Australian power pop band

The Numbers were an Australian power pop band formed by siblings Annalisse (bass guitar, lead vocals) and Chris Morrow (lead guitar, lead vocals) in early 1978. They issued two studio albums, The Numbers (October 1980), which peaked at No. 29 on the Kent Music Report Albums Chart, and 39.51 (April 1982). The group disbanded in 1984; the Morrows formed another band, Maybe Dolls, in 1991.

== History ==

The Numbers were formed early in 1978 in Sydney by Annalisse Morrow on bass guitar and lead vocals and her elder brother, Chris Morrow on lead guitar and lead vocals; they were joined by Marty Newcombe on drums. Australian musicologist, Ian McFarlane, observed that they "emerged from the post-punk Sydney scene with a clean sound and a strong sense of direction. In spite of a regular touring schedule and a brace of accessible pop releases, the band never made the commercial breakthrough for which they so vigorously strived."

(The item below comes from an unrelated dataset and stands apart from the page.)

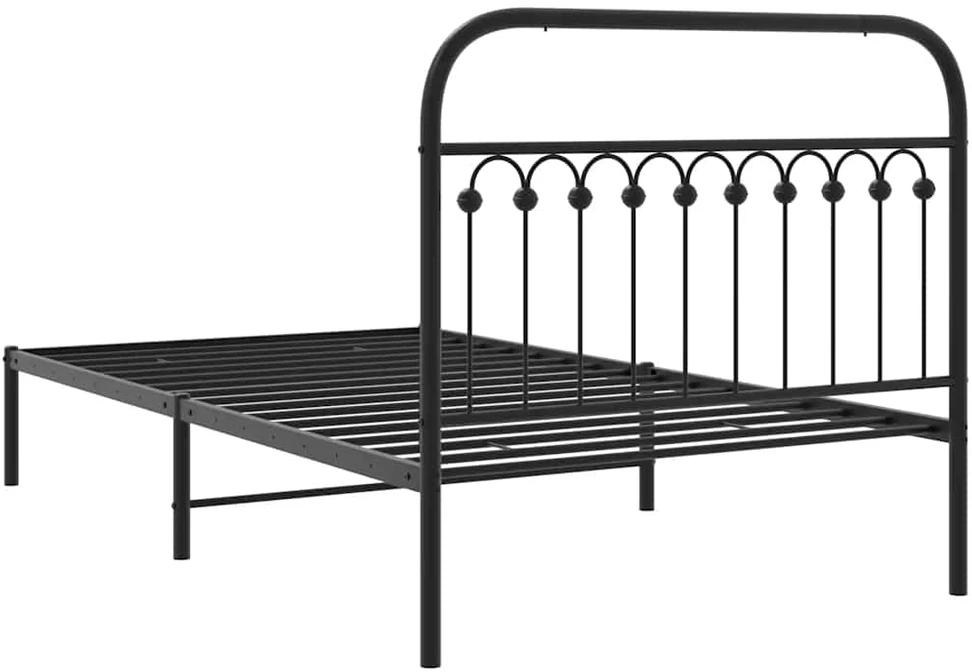 Lova Metalinis lovos rėmas su galvūgaliu, juodos spalvos, 107x203cm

In January 1979 Newcombe was replaced on drums and percussion by Simon Vidale. The group supported the Australian leg of a tour by British group XTC. The Numbers released their debut three-track, extended play, Govt. Boy, on the Local Records label in September. All the tracks were written or co-written by Chris. McFarlane writes that it "featured three dazzling blasts of tough guitar pop reminiscent of The Jam or The Buzzcocks."

Late in 1979 the group signed with Deluxe Records, which issued their debut single, "The Modern Song", the following March. The second single, "Five Letter Word", reached the Kent Music Report Singles Chart top 40. A third single, "Mr President" (February 1981) failed to chart. Their debut album, The Numbers, appeared in October 1980, and reached No. 29 on the Kent Music Report Albums Chart. It was produced by Cameron Allan and was recorded at EMI Studios 301, Sydney in mid-year. The album was issued in Britain the following year with one additional track, "Jericho".

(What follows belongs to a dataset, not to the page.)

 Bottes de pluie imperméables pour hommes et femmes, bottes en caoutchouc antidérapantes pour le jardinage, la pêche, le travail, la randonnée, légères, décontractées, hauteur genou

In 1981, The Numbers had devolved to the Morrow siblings only. In his autobiography No Secrets, Graham "Buzz" Bidstrup writes:

The Numbers were a young quirky unit featuring Annalisse Morrow on vocals and bass and her songwriting brother, Chris, playing some great guitar... Cameron had produced their debut album... but Deluxe label boss (and former AC/DC manager) Michael Browning asked me if I would do the second. Chris had written a bunch of really good new power pop-style songs and I knew Annalisse was a solid bass player, so I was keen. At the time, they didn't have a drummer.

Bidstrup provided additional instrumentation, including drums, on this second album. He relates the story that the album's title, 39.51, was a response to critics who had claimed the 28-minute debut album was too short. He writes "It was hard not to feel a bit guilty when it didn't really shake up the charts, but the single 'Big Beat' got a nice bit of airplay, at least." The album also included a re-recorded version of the song "Jericho", which was also issued as a single as was the song "Alone".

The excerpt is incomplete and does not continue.